◆ Task instructions
Pictures are not part of the answer. Write out exactly the lines from the one containing "Hi Rex, this" through the end of the material below.
<<<<
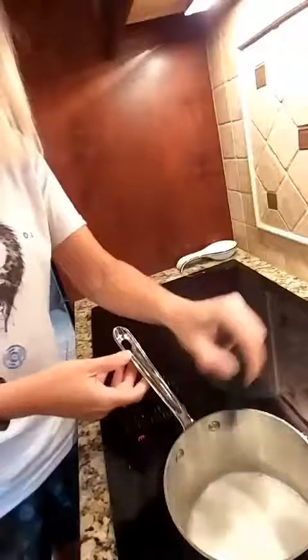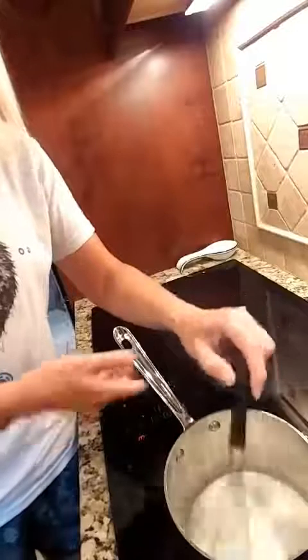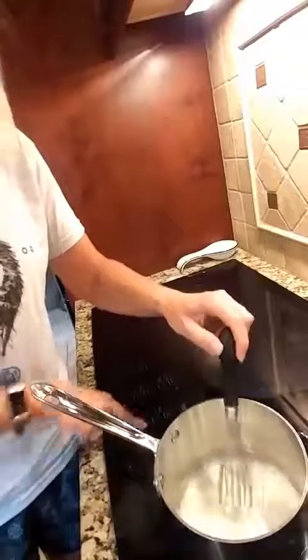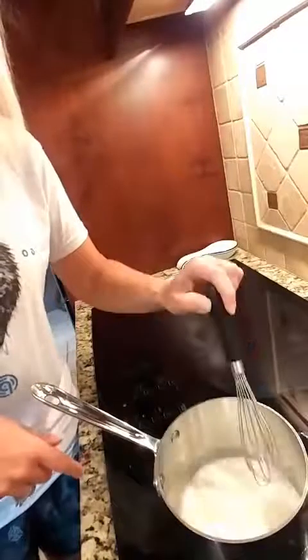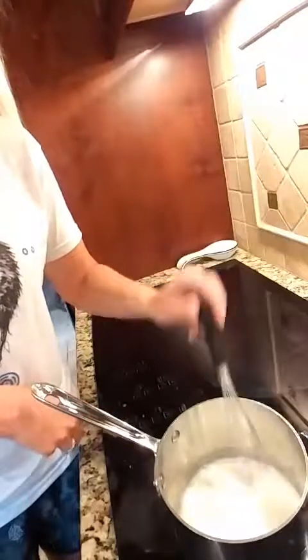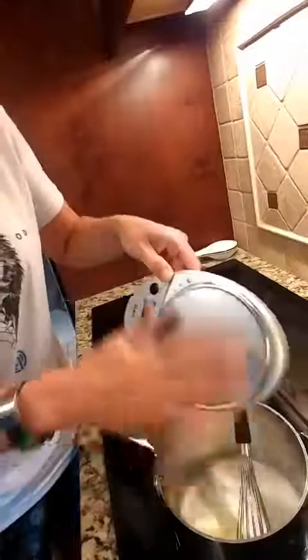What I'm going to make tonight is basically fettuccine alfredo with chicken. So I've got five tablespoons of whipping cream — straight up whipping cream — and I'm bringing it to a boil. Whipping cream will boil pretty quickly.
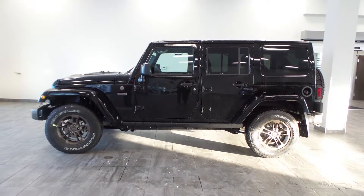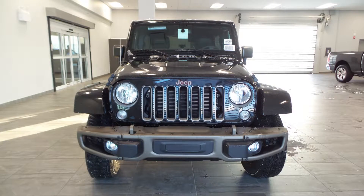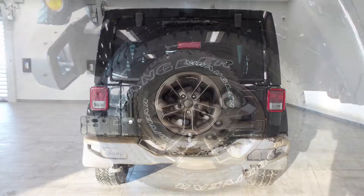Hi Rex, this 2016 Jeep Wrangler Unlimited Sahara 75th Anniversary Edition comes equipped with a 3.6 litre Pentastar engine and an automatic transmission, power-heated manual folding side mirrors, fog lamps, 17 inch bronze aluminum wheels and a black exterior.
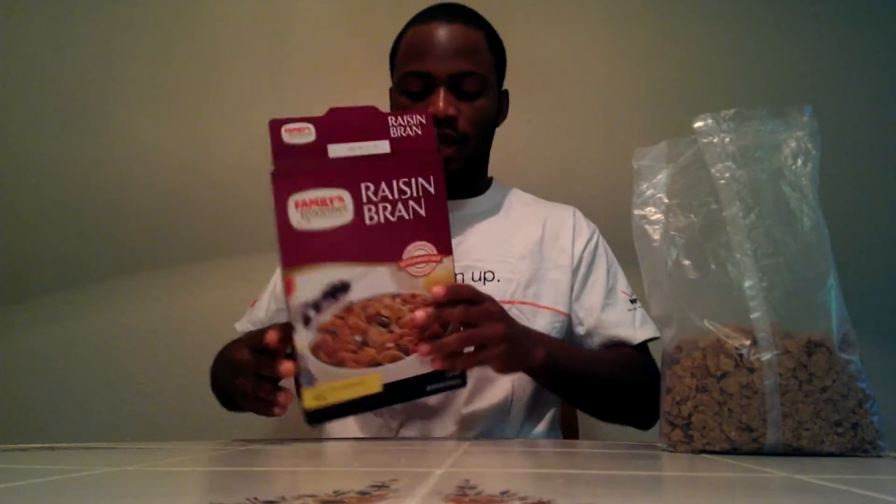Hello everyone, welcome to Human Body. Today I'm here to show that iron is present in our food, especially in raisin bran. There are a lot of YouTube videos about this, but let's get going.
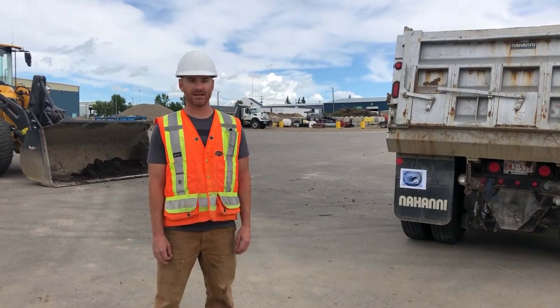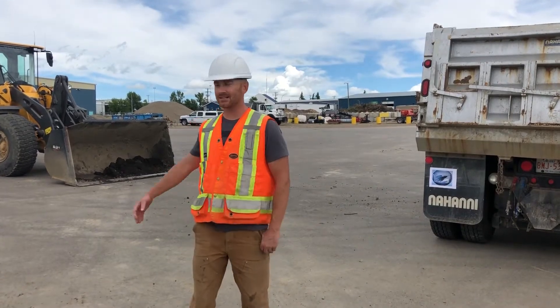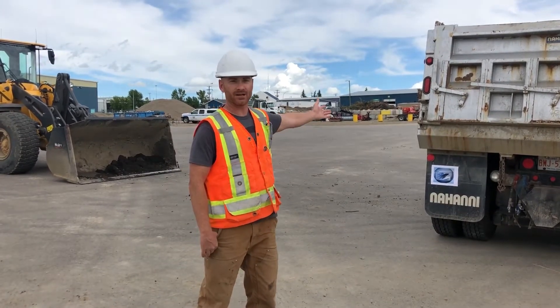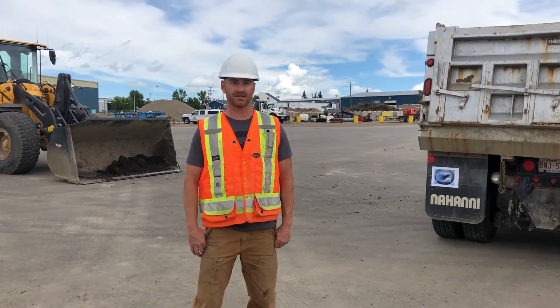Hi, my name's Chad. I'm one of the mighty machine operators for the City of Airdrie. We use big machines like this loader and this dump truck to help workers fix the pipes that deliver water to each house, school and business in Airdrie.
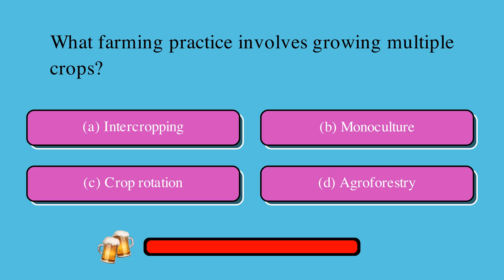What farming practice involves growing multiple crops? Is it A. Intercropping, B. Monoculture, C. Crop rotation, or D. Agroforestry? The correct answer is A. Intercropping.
>>>>
◆ Solution for this exercise
Hi Rex, this 2016 Jeep Wrangler Unlimited Sahara 75th Anniversary Edition comes equipped with a 3.6 litre Pentastar engine and an automatic transmission, power-heated manual folding side mirrors, fog lamps, 17 inch bronze aluminum wheels and a black exterior.
Hello everyone, welcome to Human Body. Today I'm here to show that iron is present in our food, especially in raisin bran. There are a lot of YouTube videos about this, but let's get going.
Hi, my name's Chad. I'm one of the mighty machine operators for the City of Airdrie. We use big machines like this loader and this dump truck to help workers fix the pipes that deliver water to each house, school and business in Airdrie.
What farming practice involves growing multiple crops? Is it A. Intercropping, B. Monoculture, C. Crop rotation, or D. Agroforestry? The correct answer is A. Intercropping.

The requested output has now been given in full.